Наиболее развернутое возражение Чернышевскому содержалось в статье Дружинина «Критика гоголевского периода и наши к ней отношения».[949] «Критиком гоголевского периода» Дружинин, вслед за Чернышевским, называл Белинского. Статья была программной в творчестве ее автора и определяла основные принципы «артистической» теории искусства в противоборстве с «дидактическим» направлением Белинского и его последователей, «упрямых фетишистов», по выражению Дружинина. Критик убежден, что возрождение идей Белинского может только отрицательно, даже пагубно отразиться на литературе.

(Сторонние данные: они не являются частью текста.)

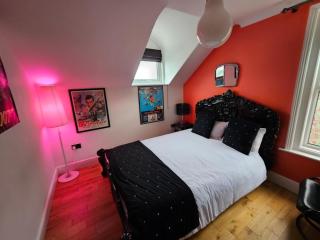 Southsea Royale James Bond 3 bed Cool Penthouse, seafront parking - Portsmouth - 2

Статьи Чернышевского – «рабские, бледные, сухие, бездарные копии старого оригинала», они безжизненны, стесняют развитие литературы, призванной служить идеалам красоты и вечности.[950] В условиях общественного подъема, выразившегося в критике целого ряда социальных явлений крепостнической жизни, пропаганда подобных принципов «искусства для искусства», на которых настаивал Дружинин, не могла иметь успеха. Чернышевский даже не ответил Дружинину, доктрина которого опровергалась всем ходом общественной литературной жизни. «Он теперь безвреден, – писал Чернышевский в сентябре 1856 г. Некрасову, – потому что его никто не слушает и не читает – чего же другого и можно желать?» (XIV, 316–317).

Однако не все утверждения Дружинина могли быть аттестованы столь категорично. Следует обратить внимание на важное обстоятельство в статье редактора «Библиотеки для чтения»: он отделил характеристику «гоголевского направления» от оценки творчества Гоголя. Уступая Чернышевскому в первом случае, он приобретал известную убедительность во втором. Растворяя Гоголя в литературном направлении, которому присвоено было его имя, Белинский и его последователи (Чернышевский, прежде всего) добивались главного: придания критическому, отрицательному направлению значения необходимой перспективы для всей отечественной литературы. Однако Гоголь не укладывался вполне в рамки отрицательного общественного воззрения. Гоголь, по Дружинину, не был только «поэтом отрицания», он был «поэтом всесторонним». «Поэт „Ревизора” есть вместе с тем поэт „Майской ночи” – перо, написавшее „Шинель”, набросало „Старосветских помещиков”; у Гоголя „Вий” составляет противоположность „Игрокам”, комедия „Жених” не вредит поэме „Тарас Бульба”», – писал Дружинин, почти буквально повторяя свои высказывания поры Иногороднего подписчика. Он был прав, когда, как и прежде, утверждал, говоря о «критике гоголевского периода», что она «налегла лишь на одну сторону Гоголева воззрения – сторону отрицательную».[951] Творчество Гоголя явилось для другого критика, А. И. Рыжова, опорой в следующем выводе о целях искусства: «Стремиться к всестороннему, идеализированному воспроизведению жизни, как она существует в вечных своих законах и частных проявлениях, и души человека, этого венца создания, – вот постоянная задача искусства».[952]